Okay, perhaps you've heard the hooplah. DOSEMU can run Windows (sort of.)
DOSEMU has been able to run Windows 3.0 in Real Mode for some time now.
It is possible to boot WINOS2 (the modified version of Windows 3.1 that OS/2 uses) under DOSEMU. Many kudos to Lutz & Dong! But, as far as we know, you cannot install Windows 3.1 in DOSEMU, but you must do that in real mode DOS. Windows 3.1 also does not run in FreeDOS.
However, YOU NEED BOTH LICENSES, for WINDOWS-3.1 as well OS/2 !!!
Get DOSEMU & the Linux source distributions.
Configure DOSEMU typing './default-configure'.
Compile DOSEMU typing 'make'.
Get the OS2WIN31.ZIP distribution from somehere. One place that distributes it is http://www.funet.fi/pub/os2/32bit/win_os2
Unpack the OS2WIN31 files into your WINDOWS\SYSTEM directory. (Infact you only need WINDOWS/SYSTEM/os2k386.exe and the mouse driver)
Startup dosemu (make certain that DPMI is set to a value such as 4096)
Copy the file winemu.bat to your c: drive.
Cross your fingers.
As of version 0.64.3 DOSEMU is able to run Windows in xdosemu. It is safer then starting windows-31 on the console, because when it crashes, it doesn't block your keyboard or freeze your screen.

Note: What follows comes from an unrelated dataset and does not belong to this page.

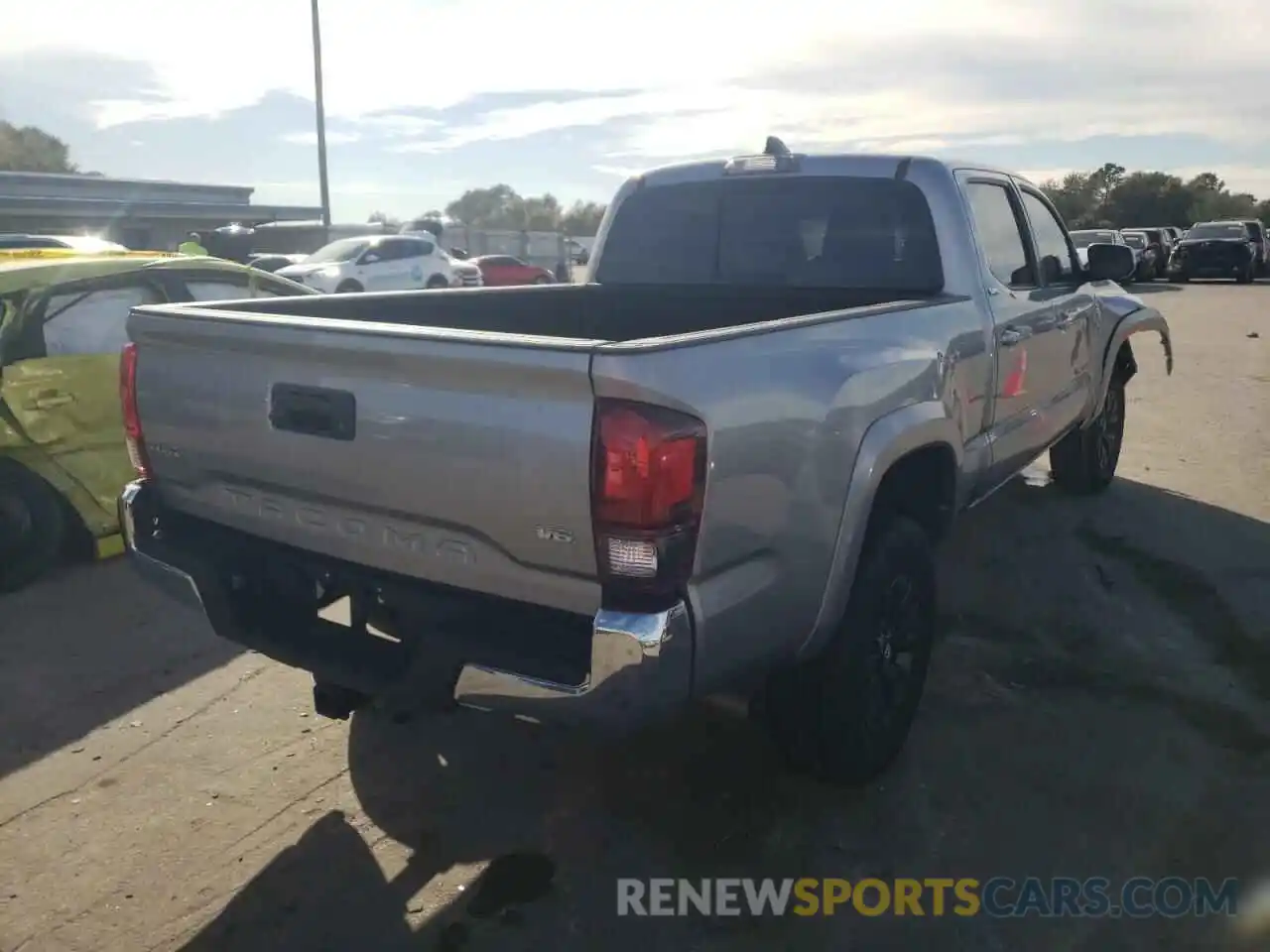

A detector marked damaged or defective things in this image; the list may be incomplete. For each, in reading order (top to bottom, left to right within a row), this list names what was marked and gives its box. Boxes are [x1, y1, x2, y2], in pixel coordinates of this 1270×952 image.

yellow damaged car [0, 255, 315, 596] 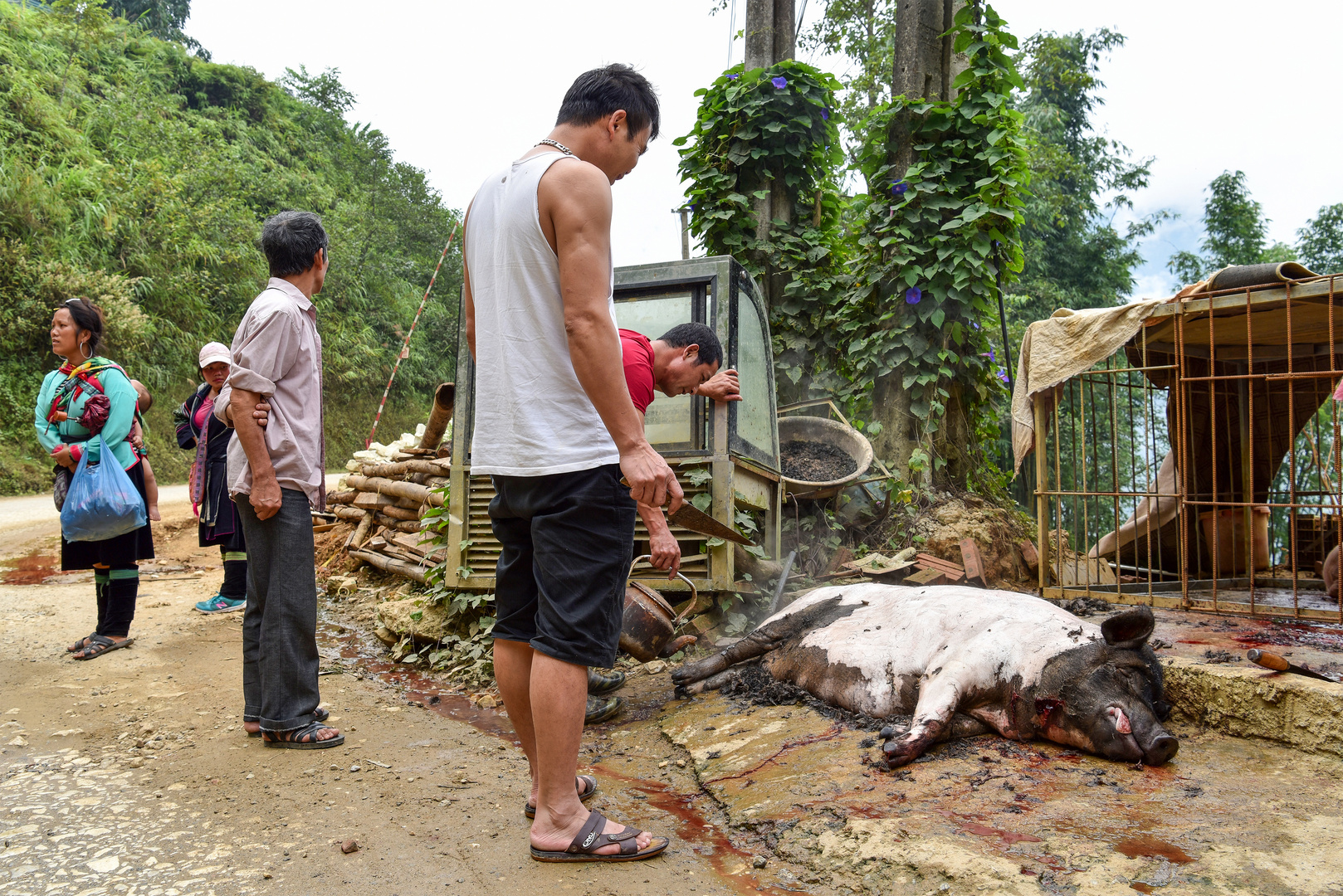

Get Dosemu & Linux source.
Run "./default-configure" to configure Dosemu.
Type "make" to compile.
For faster graphics (256 colors instead of 16 is faster in xdosemu), get a Trident SVGA drivers for Windows. The files are tvgaw31a.zip and/or tvgaw31b.zip. They are available at garbo.uwasa.fi in /windows/drivers (any mirrors?).
Unpack the Trident drivers.
In Windows setup, install the Trident "800x600 256 color for 512K boards" driver.
Do the things described above to get and install OS2WIN31.
In Dosemu, go to windows directory and start winemu.
Cross your fingers.
Notes for the mouse under win31-in-xdos:
In order to let the mouse properly work you need the following in your win.ini file:
[windows] MouseThreshold1=0 MouseThreshold2=0 MouseSpeed=0
The mouse cursor gets not painted by X, but by windows itself, so it depends on the refresh rate how often it gets updated, though the mouse coordinates movement itself will not get delayed. ( In fact you have 2 cursors, but the X-cursor is given an 'invisible' cursor shape while within the DOS-Box. )
Because the coordinates passed to windows are interpreted relatively, we need to calibrate the cursor. This is done automatically whenever you enter the DOS-Box window: The cursor gets forced to 0,0 and then back to its right coordinates. Hence, if you want to re-calibrate the cursor, just move the cursor outside and then inside the DOS-Box again.